Transcribe everything in the listing as written, and let no image into the copy.
[Provided data Boundary: Start]
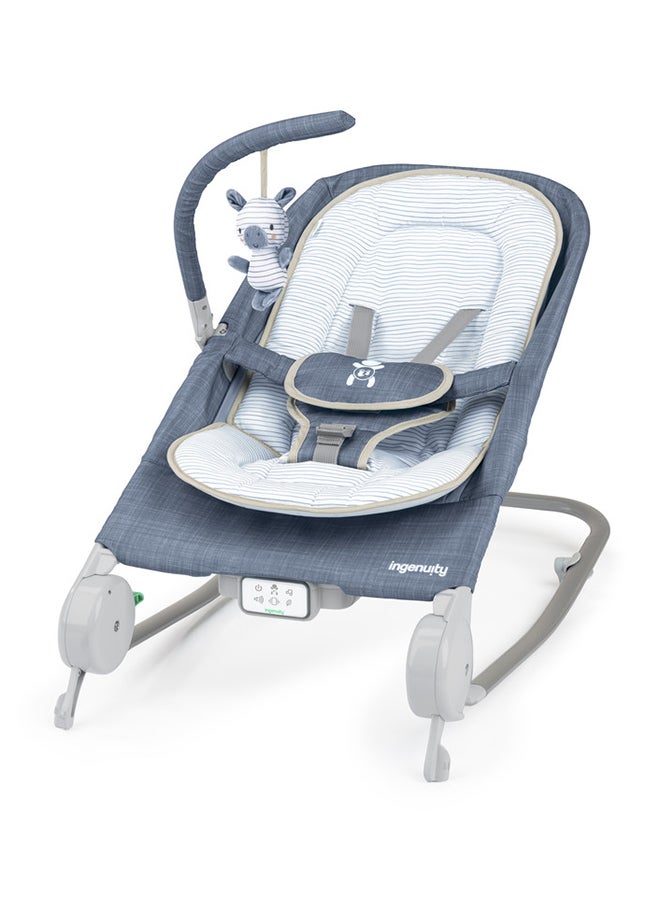 Happy Belly Rock-To-Bounce Massage, Bouncer And Rocker Seat With 5-Point Harness, 0 - 6 Months, Chambray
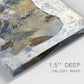 Close-up view of wrapped canvas corner featuring farm animal portrait in rustic setting.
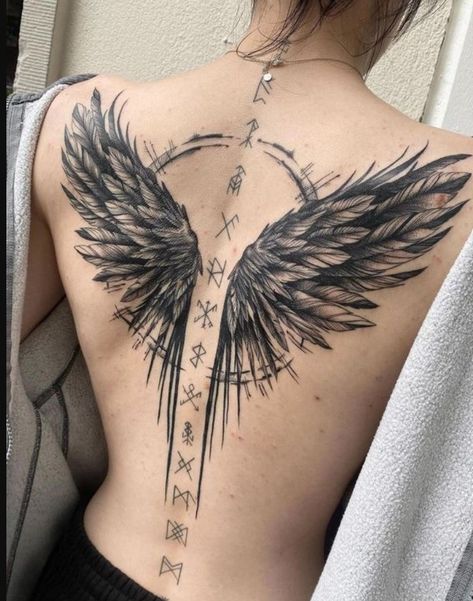 Viking Tattoo wings And Rune Doll Tattoo, Wing Tattoo Designs, Tattoo Henna, Daruma Doll, More Tattoo, Wing Tattoo, Spine Tattoos For Women, Tatuaje A Color, Arrow Tattoo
[Provided data Boundary: End]
▸ **Answer for this exercise**:
 Happy Belly Rock-To-Bounce Massage, Bouncer And Rocker Seat With 5-Point Harness, 0 - 6 Months, Chambray
 Close-up view of wrapped canvas corner featuring farm animal portrait in rustic setting.
 Viking Tattoo wings And Rune Doll Tattoo, Wing Tattoo Designs, Tattoo Henna, Daruma Doll, More Tattoo, Wing Tattoo, Spine Tattoos For Women, Tatuaje A Color, Arrow Tattoo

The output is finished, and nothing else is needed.